Israel’s real problem here is that it is unable to provide the international community with a persuasive alternative standard. The distinguished generals it recruited from around the world to look at last summer’s war and declare that the IDF performed in a fair and humanitarian manner may persuade Israelis and their supporters. But they don’t persuade the growing international public that seeks to boycott and punish Israel. In this sense, bringing the generals was a worthless exercise--something akin to stating, for the Nth time, that the IDF is the most moral army in the world.

As for the land and sea blockade, it is understandable to Israelis because Hamas, along with a growing more extreme jihadist camp in the Strip, is intent on rebuilding the military infrastructure that is apparently deemed necessary for another attack on Israel. But after a decade or so the blockade is simply incomprehensible to most of the world. Even Israeli hawks have to acknowledge that it reflects the obvious lack of a viable strategy for dealing with Gaza.

The alternatives were to cooperate with the Human Rights Commission and make Israel’s case directly and more persuasively, and to allow the flotilla (after inspection at sea) with its modest humanitarian cargo to reach Gaza. But this approach would oblige Israel to comply with the Commission’s demands and recommendations and to allow more flotillas to come. Bearing in mind that Israel will very likely have to fight more wars with Hamas, this would make sense only if it adopted a different and more viable strategy for dealing with Hamas. And that, as anyone engaged in fighting a non-state, militant Islamist enemy can testify, is not a simple matter.

 

Q. So why is the Gaza Strip relatively quiet, with Hamas seemingly collaborating with Israel by pursuing the occasional more extreme Islamists who fire isolated rockets at Israel?

A. This is not an easy question to answer because, as noted above, it is difficult to get inside the heads of militant Islamist decision-makers. What seems clear is that a number of factors are at work.

First, the recent emergence of an aggressive Saudi regional approach and Saudi success in coordinating it with Qatar and Turkey have resulted not only in a beefed-up rebel performance against the Assad regime in Syria and a (less impressive) military intervention in Yemen. They have also produced pressure on Hamas to cut its Iranian ties, coordinate with Egypt against Sinai-based Islamists, and talk indirectly with Israel about a long-term ceasefire that might include agreement to construct port facilities in Gaza. How far this effort will go and to what extent the dominant Hamas military leadership is committed to it remain to be seen.
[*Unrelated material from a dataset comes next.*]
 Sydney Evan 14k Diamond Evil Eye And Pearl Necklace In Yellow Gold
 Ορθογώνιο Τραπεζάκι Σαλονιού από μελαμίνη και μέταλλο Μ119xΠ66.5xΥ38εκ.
Second, the Israeli military authorities are gradually relaxing the Gaza land blockade and permitting the entry into Gaza of more construction materials and the exit of goods and people. That this liberalization is dependent on the absence of violent attacks from the Strip is underlined by the IDF’s decision to close the crossings between Israel and the Strip every time a rocket is fired. Egypt, too, has lately opened its border with Gaza to limited commerce and passage, though this may be only a short-lived Ramadan gesture.

And third--and this must be acknowledged whatever our humanitarian qualms--the heavy punishment inflicted by the IDF last summer on Gaza and its population is apparently the only tactic that has a deterrent effect. This fact is completely ignored by the UN Human Rights commission in its condemnation of disproportional damage. Wars, after all, are usually decided precisely by the application of disproportionate force. Note that Israel’s front with Lebanese Hezbollah has remained quiet for nine years, reflecting similar circumstances of heavy civilian damage and losses inflicted by Israel in the 2006 Second Lebanon War.

Is periodically “mowing the lawn” (an IDF term) brutally against a neighboring Islamist non-state enemy that is dedicated to Israel’s destruction a viable strategy? Or is it simply the only unpleasant game in town?